Not only do they track criminals, but they also search for missing people. As an example, Doak described “a call I will remember until the day I retire” when he helped find an elderly woman who had Alzheimer’s and had wandered on a freezing January night.
The PSD, named Barney, found the woman in a back yard, huddled against the cold; she was freezing but did not suffer serious injuries. Though she was confused, the woman “mentioned the nice young men who brought her home,” according to a thank you note from her daughter.
The dogs also assist in high-risk arrests. Doak presented a newspaper clipping about him and Scout capturing a fleeing man in a school playground. The man had escaped police custody, forcing police to chase him; they called Doak for help. Confronted by the canine unit, the escapee ran into the St. Patrick School yard. Doak shouted at the man to stop, but the man kept running, so Doak released Scout, who tackled the man in the playground. Very shortly after Scout “took a bite out of crime,” the man surrendered.
Sniffing out drugs and weapons are other talents the dogs have trained for. Doak presented a photo of him and one of the dogs searching a pickup truck; the dog, nose in the air, checks the wheel well.

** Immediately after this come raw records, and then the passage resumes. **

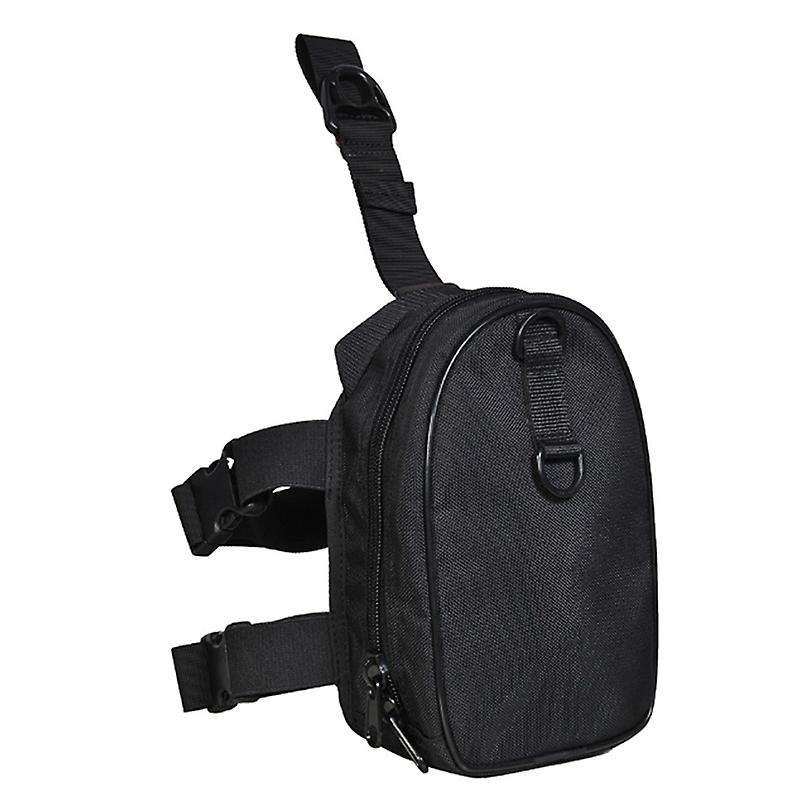 Diving Thigh Pocket Diver Zipper Storage Pouch with Leg Belt Straps Diving Cargo Bag for Technical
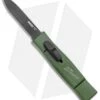 AKC Minion Concord Spear Point OTF Automatic Knife NATO Green (2.3" Black) -Akc Sales Store AKC 007 Mini Concord OTF Auto NATO Green Black BHQ 135713 jr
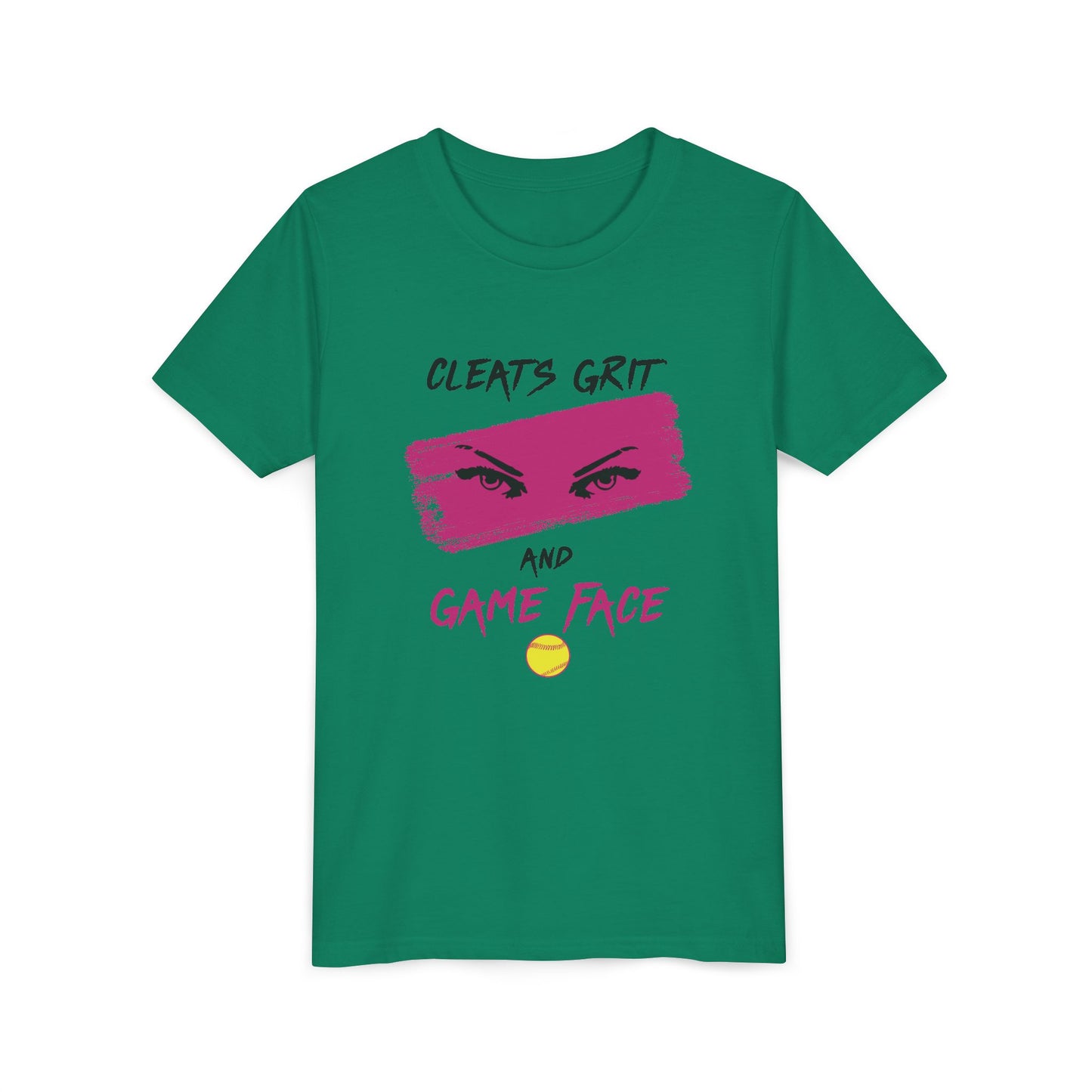 Motivational Softball Tee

One of the most enjoyable things the K9 Unit does is public demonstrations, the experienced handler expressed. Thousands of people will attend to watch the furry ambassadors show off their skills, and nothing gets a bigger roar from the crowd than when someone wearing a big protective suit gets tackled. “Sniffing out drugs? Yeah, that’s fine — but when someone gets bit? That’s the highlight,” said Doak, laughing and wondering aloud, “I’m not sure what that says about human nature.”
“I can honestly say in policing there is probably no greater [public relations] than having the dogs,” Doak noted, saying the teams often visit schools as well.
Doak described the volume of calls the K9 unit gets as typically 75 to 100 per year, assisting the Patrol Division, the ERU, and the Drug Enforcement Unit. Approximately half of the calls for service are searching for wanted persons or missing and despondent individuals. The unit has also assisted the OPP, Belleville Police, and the Canadian Border Services Agency.
The two K9 units are on-call 24 hours a day, seven days a week, with officers keeping a take-home vehicle and kennel at their homes. Officers work a normal shift schedule assigned to an ERU team and assist patrol with regular calls for service when not conducting K9 calls. “Success really depends on a team approach: good dog and handler, supervisors, patrol officer’s actions at the scene, buy-in from senior administration, and community to support the unit,” said Doak.
The deep commitment the team has to the job was especially evident when Doak pointed out, “Jeff takes a dog home. I take a dog home. So they’re part of our family. We spend more time with the dogs than our families, for sure.”
You can meet Doak, Dickson, and Dak this weekend when they put on a demonstration at the Kingston Police’s Community Fun Fair between 11 a.m. and 2 p.m. Saturday, Jul. 22, 2023, at Kingston Police Headquarters, 705 Division Street in Kingston.